Tuesday, 26 February 2019

How to reconstruct Ambedkar's thought


It is usual, when speaking of a genuine thinker, to update his theory to take account of subsequent developments in the fields he had studied or contributed to.

It is foolish to apply wholly foreign, and false, ideas- no matter how modish- to 'frame' that thinker.

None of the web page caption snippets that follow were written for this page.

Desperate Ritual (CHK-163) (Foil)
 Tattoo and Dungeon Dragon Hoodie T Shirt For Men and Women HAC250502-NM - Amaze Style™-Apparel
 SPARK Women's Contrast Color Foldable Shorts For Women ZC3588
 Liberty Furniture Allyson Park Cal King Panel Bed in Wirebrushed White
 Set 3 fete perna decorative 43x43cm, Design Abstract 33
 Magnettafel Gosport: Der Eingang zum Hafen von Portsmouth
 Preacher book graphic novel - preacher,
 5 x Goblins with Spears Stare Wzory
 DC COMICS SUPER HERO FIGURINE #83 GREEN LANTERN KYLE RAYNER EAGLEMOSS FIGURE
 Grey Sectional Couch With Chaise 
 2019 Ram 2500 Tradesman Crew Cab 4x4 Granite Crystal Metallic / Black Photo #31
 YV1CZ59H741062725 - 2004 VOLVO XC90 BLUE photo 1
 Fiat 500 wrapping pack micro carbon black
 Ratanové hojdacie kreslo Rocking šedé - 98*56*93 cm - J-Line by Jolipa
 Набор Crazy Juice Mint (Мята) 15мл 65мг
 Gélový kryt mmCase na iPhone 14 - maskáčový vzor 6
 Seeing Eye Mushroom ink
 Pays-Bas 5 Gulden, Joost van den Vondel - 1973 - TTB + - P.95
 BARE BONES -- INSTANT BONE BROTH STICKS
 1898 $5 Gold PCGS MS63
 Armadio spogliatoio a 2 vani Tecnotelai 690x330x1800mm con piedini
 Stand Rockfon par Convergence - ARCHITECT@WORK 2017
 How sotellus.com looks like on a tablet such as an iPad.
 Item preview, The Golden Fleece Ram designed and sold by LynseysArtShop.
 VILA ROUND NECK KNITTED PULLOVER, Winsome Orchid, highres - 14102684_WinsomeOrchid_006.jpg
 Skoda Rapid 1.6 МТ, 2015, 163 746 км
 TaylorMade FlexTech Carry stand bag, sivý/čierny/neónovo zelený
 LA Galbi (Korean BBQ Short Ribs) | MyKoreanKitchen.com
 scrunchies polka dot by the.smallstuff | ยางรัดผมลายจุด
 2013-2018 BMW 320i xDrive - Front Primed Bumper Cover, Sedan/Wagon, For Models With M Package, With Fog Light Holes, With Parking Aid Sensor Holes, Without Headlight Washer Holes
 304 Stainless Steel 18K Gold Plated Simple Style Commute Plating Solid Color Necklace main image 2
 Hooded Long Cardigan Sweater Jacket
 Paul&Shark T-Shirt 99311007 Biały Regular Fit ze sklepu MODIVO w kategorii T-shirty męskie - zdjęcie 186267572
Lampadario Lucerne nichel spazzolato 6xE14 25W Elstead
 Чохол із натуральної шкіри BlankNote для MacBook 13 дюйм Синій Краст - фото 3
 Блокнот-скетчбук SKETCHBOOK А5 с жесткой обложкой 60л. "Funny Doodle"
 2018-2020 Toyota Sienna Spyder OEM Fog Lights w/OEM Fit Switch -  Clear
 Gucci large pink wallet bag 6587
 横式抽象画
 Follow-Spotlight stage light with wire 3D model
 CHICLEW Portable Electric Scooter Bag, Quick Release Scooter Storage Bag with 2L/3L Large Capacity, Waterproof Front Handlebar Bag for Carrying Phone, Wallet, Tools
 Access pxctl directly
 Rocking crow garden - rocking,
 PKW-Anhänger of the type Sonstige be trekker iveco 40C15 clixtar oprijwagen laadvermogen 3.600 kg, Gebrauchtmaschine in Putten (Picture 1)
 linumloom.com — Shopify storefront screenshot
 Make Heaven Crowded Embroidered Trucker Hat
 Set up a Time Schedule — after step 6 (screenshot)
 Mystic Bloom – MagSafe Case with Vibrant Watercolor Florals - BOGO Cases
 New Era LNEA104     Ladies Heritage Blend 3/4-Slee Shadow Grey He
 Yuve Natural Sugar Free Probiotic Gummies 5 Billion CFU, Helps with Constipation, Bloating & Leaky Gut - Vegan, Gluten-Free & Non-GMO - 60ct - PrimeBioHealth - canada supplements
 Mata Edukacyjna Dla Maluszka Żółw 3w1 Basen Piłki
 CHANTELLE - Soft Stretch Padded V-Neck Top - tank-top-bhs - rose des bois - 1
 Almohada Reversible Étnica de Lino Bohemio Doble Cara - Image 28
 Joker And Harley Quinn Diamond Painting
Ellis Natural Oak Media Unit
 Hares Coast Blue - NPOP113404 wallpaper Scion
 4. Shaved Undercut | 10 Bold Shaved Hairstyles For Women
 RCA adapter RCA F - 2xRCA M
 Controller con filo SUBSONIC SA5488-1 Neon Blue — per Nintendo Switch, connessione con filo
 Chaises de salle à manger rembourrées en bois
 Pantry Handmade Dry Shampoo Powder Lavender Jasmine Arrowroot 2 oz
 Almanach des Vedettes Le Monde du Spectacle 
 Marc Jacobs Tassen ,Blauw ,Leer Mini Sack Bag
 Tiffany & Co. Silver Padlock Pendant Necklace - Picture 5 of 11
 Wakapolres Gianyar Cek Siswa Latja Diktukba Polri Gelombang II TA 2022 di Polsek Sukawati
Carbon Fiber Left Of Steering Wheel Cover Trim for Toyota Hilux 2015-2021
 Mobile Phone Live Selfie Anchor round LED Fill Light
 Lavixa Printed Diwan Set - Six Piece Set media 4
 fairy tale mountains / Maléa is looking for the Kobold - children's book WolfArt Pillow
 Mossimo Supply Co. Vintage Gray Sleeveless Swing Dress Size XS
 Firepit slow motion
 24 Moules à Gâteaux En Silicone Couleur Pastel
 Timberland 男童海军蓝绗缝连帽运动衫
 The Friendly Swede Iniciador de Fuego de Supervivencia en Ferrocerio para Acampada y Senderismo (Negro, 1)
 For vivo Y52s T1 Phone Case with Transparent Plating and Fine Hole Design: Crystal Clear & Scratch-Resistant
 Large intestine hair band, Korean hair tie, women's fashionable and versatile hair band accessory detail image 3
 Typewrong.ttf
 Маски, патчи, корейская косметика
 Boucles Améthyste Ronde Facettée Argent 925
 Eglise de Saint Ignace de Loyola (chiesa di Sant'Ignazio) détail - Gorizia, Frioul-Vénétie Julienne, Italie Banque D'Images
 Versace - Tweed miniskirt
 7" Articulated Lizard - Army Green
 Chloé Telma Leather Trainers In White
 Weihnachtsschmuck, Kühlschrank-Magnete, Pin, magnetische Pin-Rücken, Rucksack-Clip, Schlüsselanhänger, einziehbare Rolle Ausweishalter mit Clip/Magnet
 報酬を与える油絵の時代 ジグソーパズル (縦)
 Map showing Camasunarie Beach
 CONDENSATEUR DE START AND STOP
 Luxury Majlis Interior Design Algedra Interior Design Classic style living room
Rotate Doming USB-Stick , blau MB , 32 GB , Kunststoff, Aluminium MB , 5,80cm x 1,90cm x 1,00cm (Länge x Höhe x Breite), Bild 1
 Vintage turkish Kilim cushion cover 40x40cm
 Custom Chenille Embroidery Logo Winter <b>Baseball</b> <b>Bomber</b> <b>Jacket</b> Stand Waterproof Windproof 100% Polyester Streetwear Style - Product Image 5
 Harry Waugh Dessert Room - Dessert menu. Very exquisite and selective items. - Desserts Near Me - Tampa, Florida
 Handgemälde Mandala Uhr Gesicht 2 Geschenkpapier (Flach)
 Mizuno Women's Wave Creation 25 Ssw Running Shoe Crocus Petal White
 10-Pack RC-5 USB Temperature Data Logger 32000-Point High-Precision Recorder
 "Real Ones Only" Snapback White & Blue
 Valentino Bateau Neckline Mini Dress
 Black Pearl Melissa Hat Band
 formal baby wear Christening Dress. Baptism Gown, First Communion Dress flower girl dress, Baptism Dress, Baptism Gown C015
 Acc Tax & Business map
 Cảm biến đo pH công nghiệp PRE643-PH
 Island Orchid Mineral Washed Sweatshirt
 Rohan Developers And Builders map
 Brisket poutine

In the case of Ambedkar, we can easily reconstruct his thought by focusing on 3 separate, but related, present day fields of inquiry

1) 'Law & Economics' not just of the Coase/Posner type but as arising from a natural extension of Seligman & Beard's approach. This is quite different from standard 'mechanism design' because it accommodates mimetic effects of a 'moral Tardean' type and can have a description in actor-network theory.
By itself, this won't get us very far. However, the Buddhism Ambedkar was attracted to relied heavily on Darwin's theory of Evolution. This meant, when he was in America, he was influenced by

2) Baldwinian Evolution which in turn requires a Game theoretic description in order to gain tremendous explanatory power. I may mention Waddington's 1941 book, 'The Scientific Attitude' as one which influenced young Indian people who were keen to reject Eugenic explanations of the Caste System. This enables us to interpret Ambedkar in terms of 'costly signals' and 'separating equilibria' which in turn relate to coordination and discoordination games, involving canalisation or the damming up of evolutionary capacitance, as arising at every Schelling focal point. Markets can thus be understood as always involving hedging and regret minimization.

3) Buddhist Logic as Type theoretic and thus capable of univalent Foundations. This ties in with Dewey type Pragmatism.

Oh dear. I just bored myself. Nobody is interested in reconstructing Ambedkar's thought. We just want to use the imprimatur of his name to say the stupidest thing possible.